When they blessed the Maori art works that adorn Tatai Hono last Saturday, they were marking the end of quite a journey.
The unveiling of those new works of art was the icing on the cake, the final act in a two-year, $2.5 million restoration project that has brought that old building back from the brink, and back to life.
And the real significance of the restored Tatai Hono is that it gives the folk of Te Mihana Maori o Tamaki Makaurau, the Auckland Maori Mission, a place where they can feel truly comfortable about extending manaakitanga, or hospitality, to people from the community.
In some ways, Saturday’s rededication of Tatai Hono wasn’t just the end of a two-year project: it also marked the fulfilment of a dream that had been in some people’s hearts for more than 40 years.
Let’s explain.
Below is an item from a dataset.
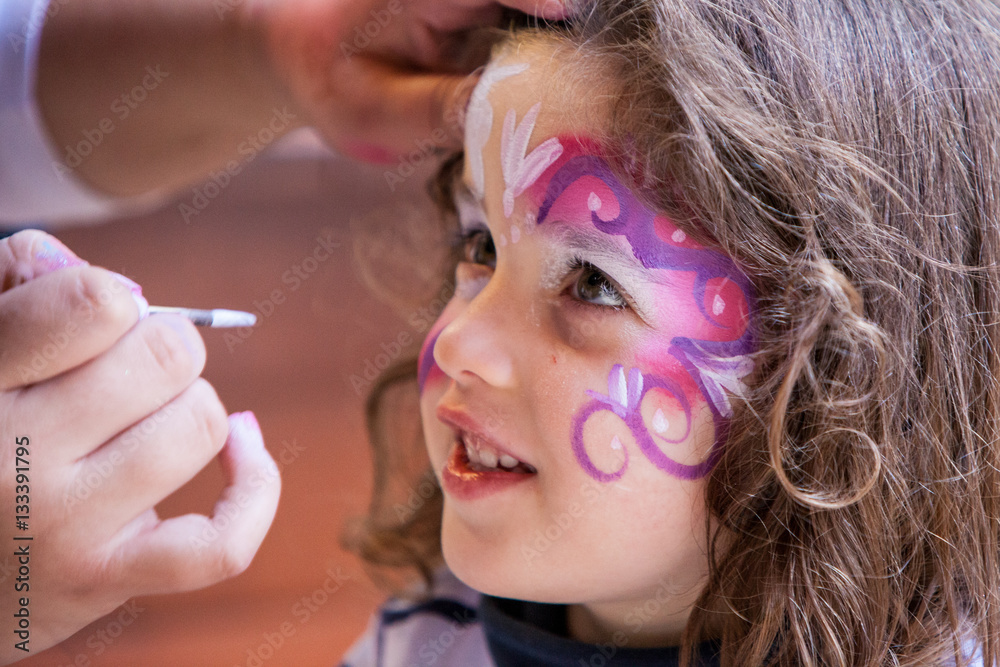 Wall mural Face Painting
Back in the 1960s, The Church of the Holy Sepulchre – at the top end of Khyber Pass, on the fringe of the inner city – was a Pakeha parish church.
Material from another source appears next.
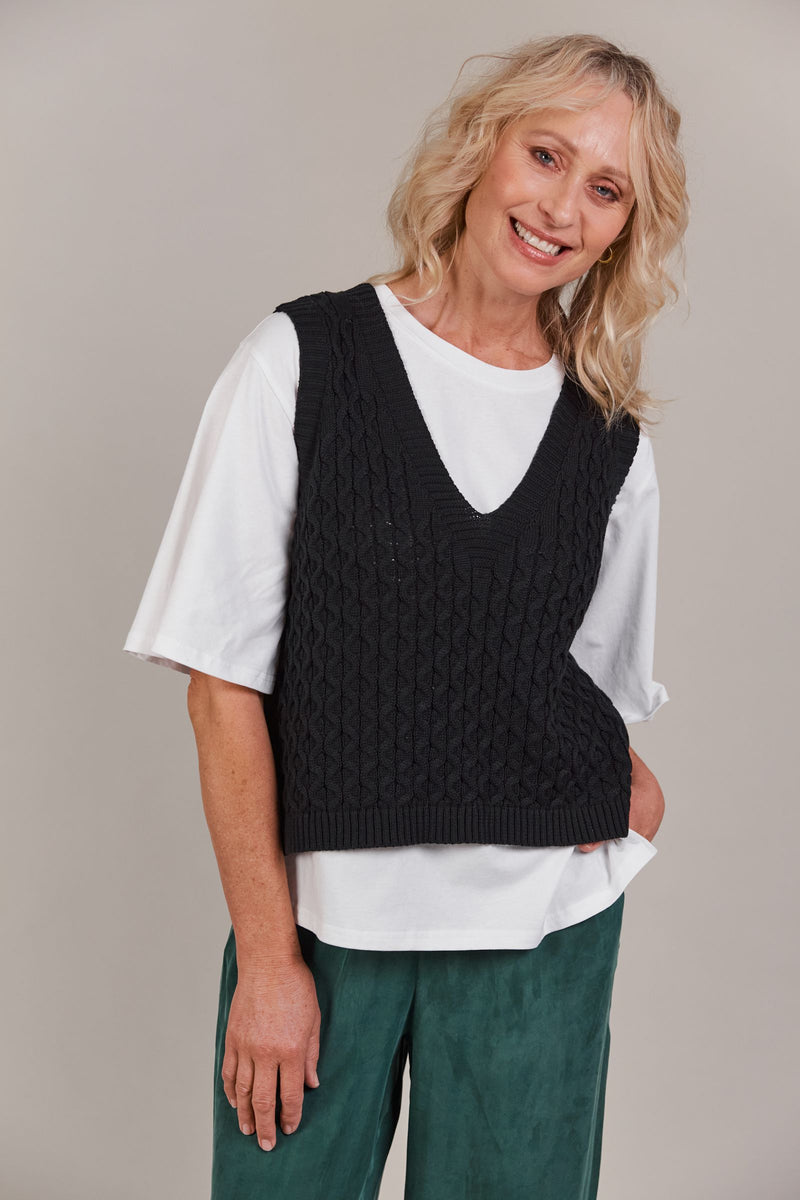 Naviva Vest - Black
But the sixties were a time when Pakeha were emptying out of the older inner city, and heading for the suburbs springing up on Auckland’s outer fringes.
As fast as Pakeha were checking out of the city, they were being replaced by Pacific Island migrants – and by Maori who, since the end of World War Two, had been on their own migration from the country to the big smoke, in search of jobs and opportunity.
These were the days long before places such as Ponsonby, Grey Lynn, Freemans Bay had become gentrified, and Auckland’s new migrants found they could either rent or buy the old, often run-down villas and bungalows there.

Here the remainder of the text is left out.